(Records contained in a dataset)
□ □ □ □ □

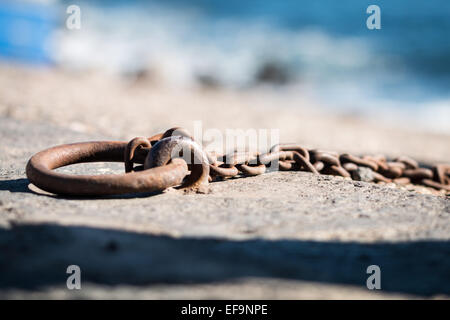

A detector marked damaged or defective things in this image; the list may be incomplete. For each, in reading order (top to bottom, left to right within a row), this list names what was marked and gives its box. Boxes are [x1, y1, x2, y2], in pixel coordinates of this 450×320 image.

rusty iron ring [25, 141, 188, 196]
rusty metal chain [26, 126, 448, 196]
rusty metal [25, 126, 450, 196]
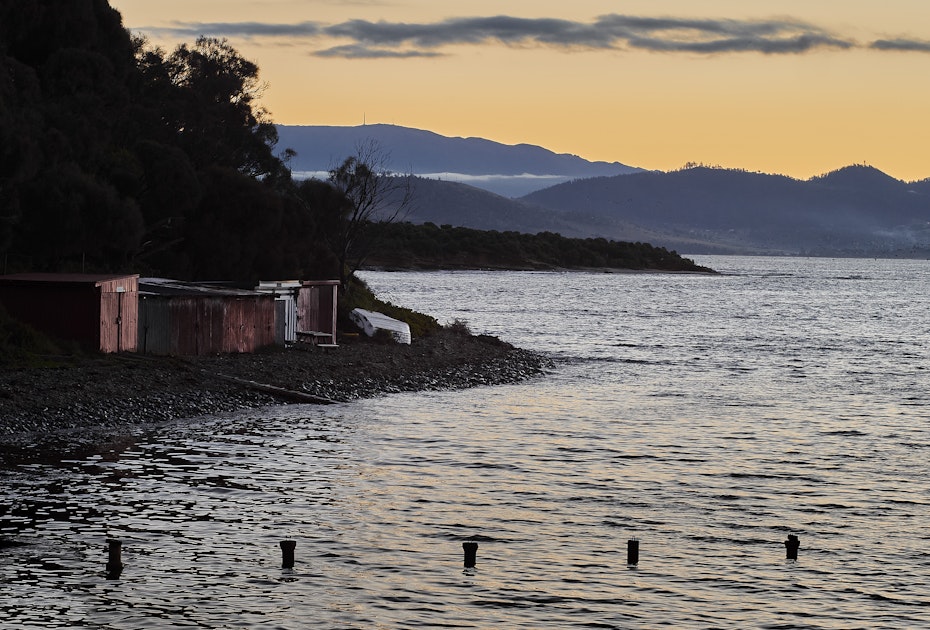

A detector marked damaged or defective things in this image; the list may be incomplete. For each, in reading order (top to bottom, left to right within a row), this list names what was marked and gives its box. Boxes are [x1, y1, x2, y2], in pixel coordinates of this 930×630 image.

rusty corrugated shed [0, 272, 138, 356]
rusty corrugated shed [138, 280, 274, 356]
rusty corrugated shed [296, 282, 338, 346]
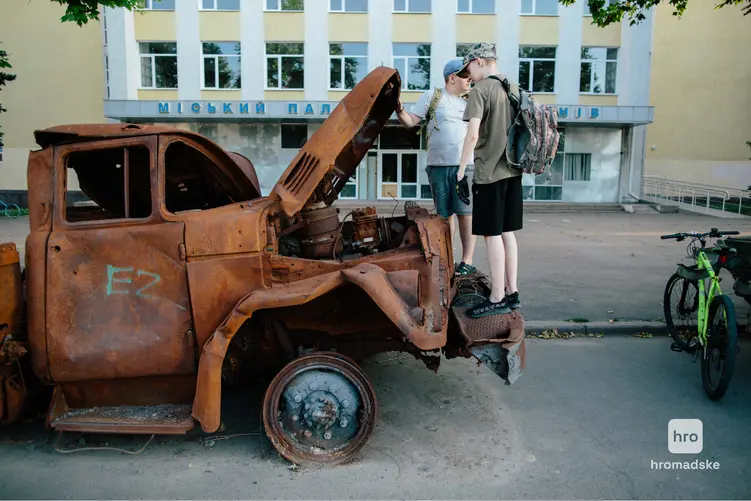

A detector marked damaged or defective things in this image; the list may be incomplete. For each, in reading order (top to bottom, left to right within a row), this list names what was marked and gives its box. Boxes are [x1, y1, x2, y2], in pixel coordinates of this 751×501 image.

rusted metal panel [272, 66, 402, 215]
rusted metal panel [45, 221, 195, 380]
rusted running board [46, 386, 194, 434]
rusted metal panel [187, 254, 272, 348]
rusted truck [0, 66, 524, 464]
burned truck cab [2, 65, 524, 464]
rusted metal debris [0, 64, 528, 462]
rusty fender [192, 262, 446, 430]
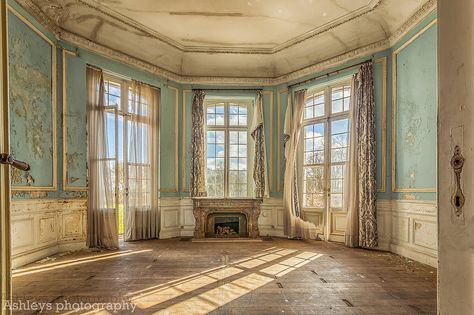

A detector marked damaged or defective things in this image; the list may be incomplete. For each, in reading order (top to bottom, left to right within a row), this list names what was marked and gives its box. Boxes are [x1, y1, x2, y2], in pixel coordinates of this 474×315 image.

□ □ □ □ □

• _WHAT YOU WILL DO_:
For this exercise, reproduce the data above exactly from the line containing "this 751×501 image." through its final line, both ends included, with no pictures in the copy.

• _RESULT FOR THIS TASK_:
A detector marked damaged or defective things in this image; the list may be incomplete. For each, in reading order (top to bottom, left to right within a row), this list names what was marked and gives its box. Boxes are [x1, y1, x2, y2], in pixel coordinates of this 751×501 image.

rusted metal panel [272, 66, 402, 215]
rusted metal panel [45, 221, 195, 380]
rusted running board [46, 386, 194, 434]
rusted metal panel [187, 254, 272, 348]
rusted truck [0, 66, 524, 464]
burned truck cab [2, 65, 524, 464]
rusted metal debris [0, 64, 528, 462]
rusty fender [192, 262, 446, 430]

A detector marked damaged or defective things in this image; the list may be incomplete. For each, in reading order (top to bottom, left to right within a row), this list names what was marked and gives its box. Boxes are [x1, y1, x2, y2], in pixel coordinates of this 474×315 image.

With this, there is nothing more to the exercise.